Yesterday, Jeff had a long post about the death penalty. His should we/shouldn't we gets summed up pretty well here :
But for me, the complexities both practical and philosophical of death by lethal injection serve as further evidence that we — the people, the state, the United States — have no business deciding who lives and who dies. Life is a state of grace granted us by our Creator, and depriving someone of that state of grace simply isn’t our job. That decision isn’t ours to make. No matter how justified the punishment might be, no matter how egregious the crime that warranted it.
I can respect his position, and I'm not exactly a "gung-ho" advocate of the death penalty.
But then, this morning, I read this in the morning paper.
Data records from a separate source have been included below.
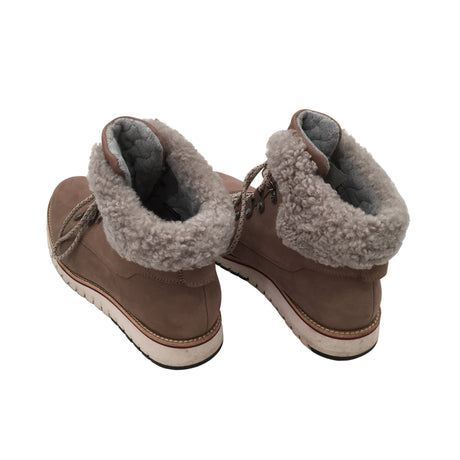 Unisex Cole Haan - Nilkkurit, koko 39 -  (2)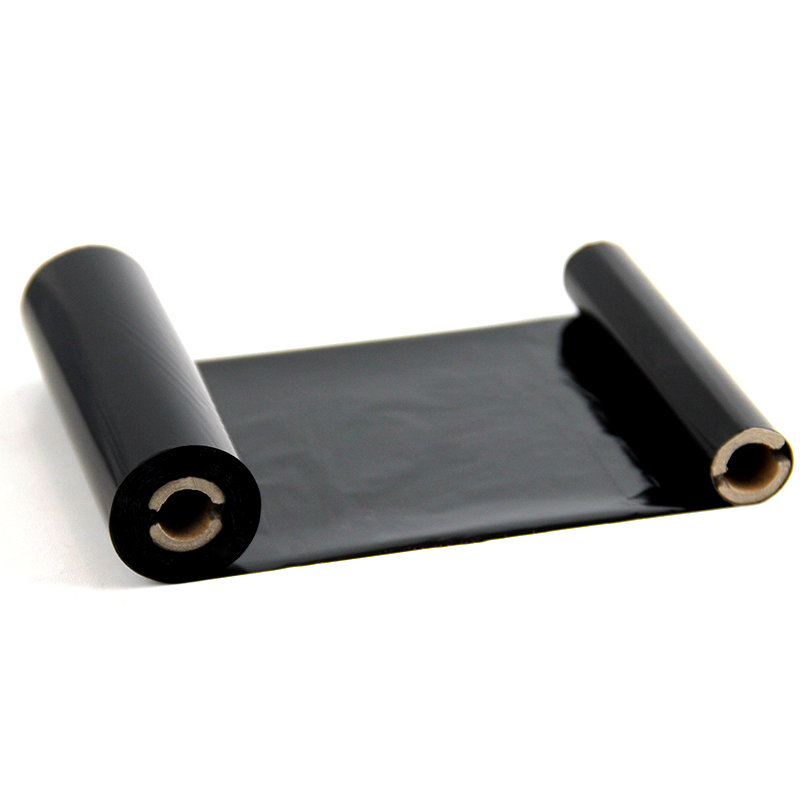 Cinta de cera de 110mm x 90 me - Thermal Transfer Ribbon 110Mm reseña y precio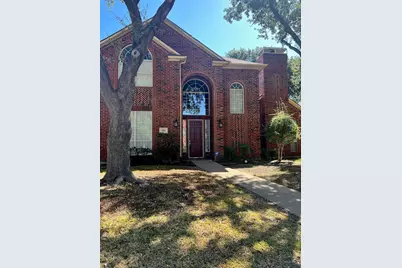 986 Village Parkway, Coppell, TX 75019 - Photo 1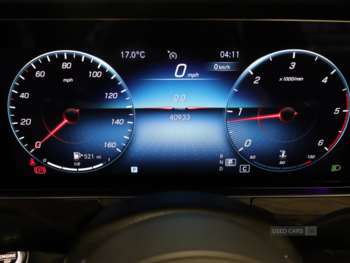 Used Mercedes-Benz E-Class 2021 for sale - 74921943: Photo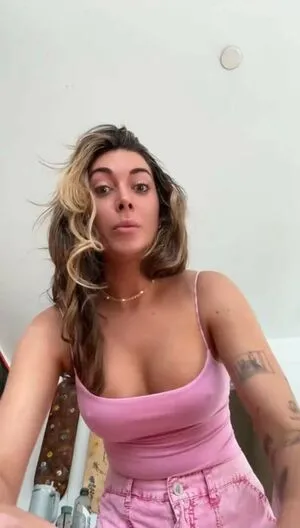 Briannalapagalia OnlyFans Leaked Free Thumbnail Picture - #zDKHeHDr04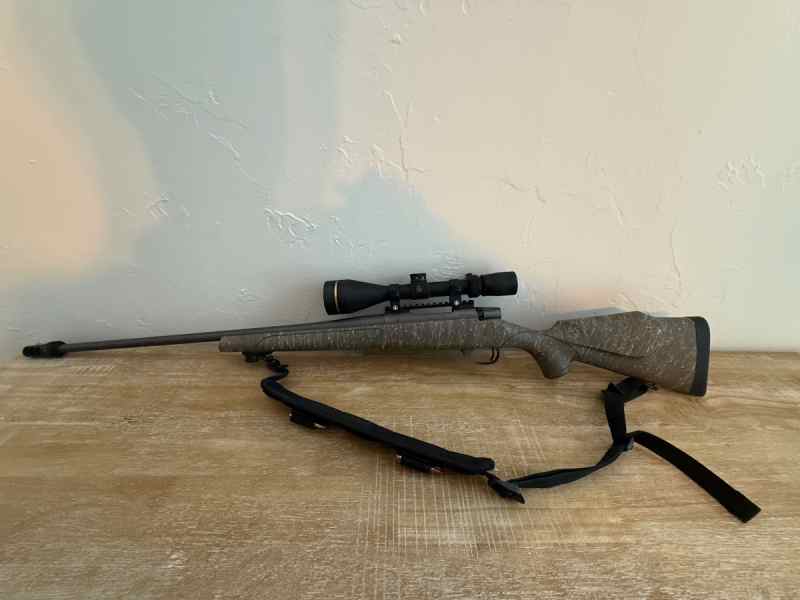 F/S 22-250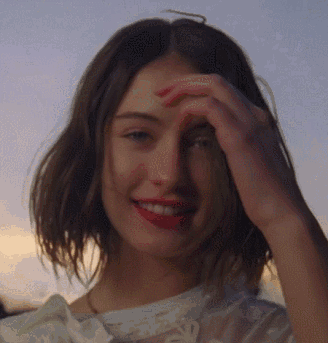 12.gif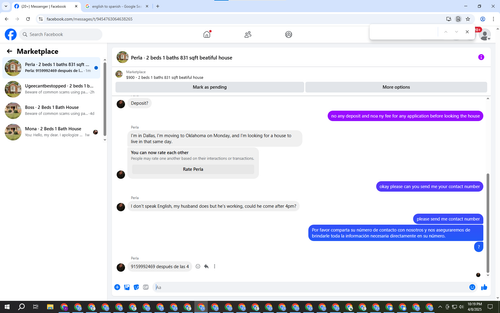 Screenshot 2025 04 08 221931.png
It's a local story. Boy meets girl. Boy marries girl. Boy and girl start their family. Then boy and girl get murdered in their home by a "Bonny and Clyde" type couple.
Scott was tied up with duct tape and an extension cord," Cataldo said of the Feb. 15 slayings.
"Then he was brutally beaten in the hands, face and head with the butt of (an) AK-47 assault rifle.
"They then put a sock in his mouth, covered it with duct tape, then beat him in the face some more," Cataldo said. "Then they used a hypodermic needle to inject bleach into his veins."
In a small town, 40 minutes away from Detroit, Patrick Selepak and Samantha Bachynski brutally ended the life of Scott and Melissa Berels. The murder was motivated, they believe, by robbery. Melissa s, who was ten weeks pregnant at the time, was murdered first. Fortunately, she was "only" strangled. Her husband appeared to have arrived home before the murderous pair left the scene, which led to his torture (which lasted several hours) and murder. He was bound and gagged first and left in that condition while Selepak went out to buy beer.
These two animals do not deserve to take another breath. Michigan doesn't have a death penalty- so I suppose my argument is moot. But, if Michigan did have a death penalty, I would expect 20 years from now we'd be hearing stories about how the two had reformed. The names of the victims would be nothing but distant memories to everyone besides their families. It is with the passing of time, that perspective is lost over the violent, senseless crimes for which people are given the death penalty. For some reason, those long forgotten names don't even appear to be real anymore. Someone who has been dead 20 years doesn't even seem real anymore. Did they ever exist outside of the newspaper articles, for while their names received short-lived recognition?
I don't know how I feel about the death penalty. But I do know that my sympathy lies NOT with who the criminals might become in 20 years. My sympathy lies with the victims. Scott and Melissa Berels, and their unborn child.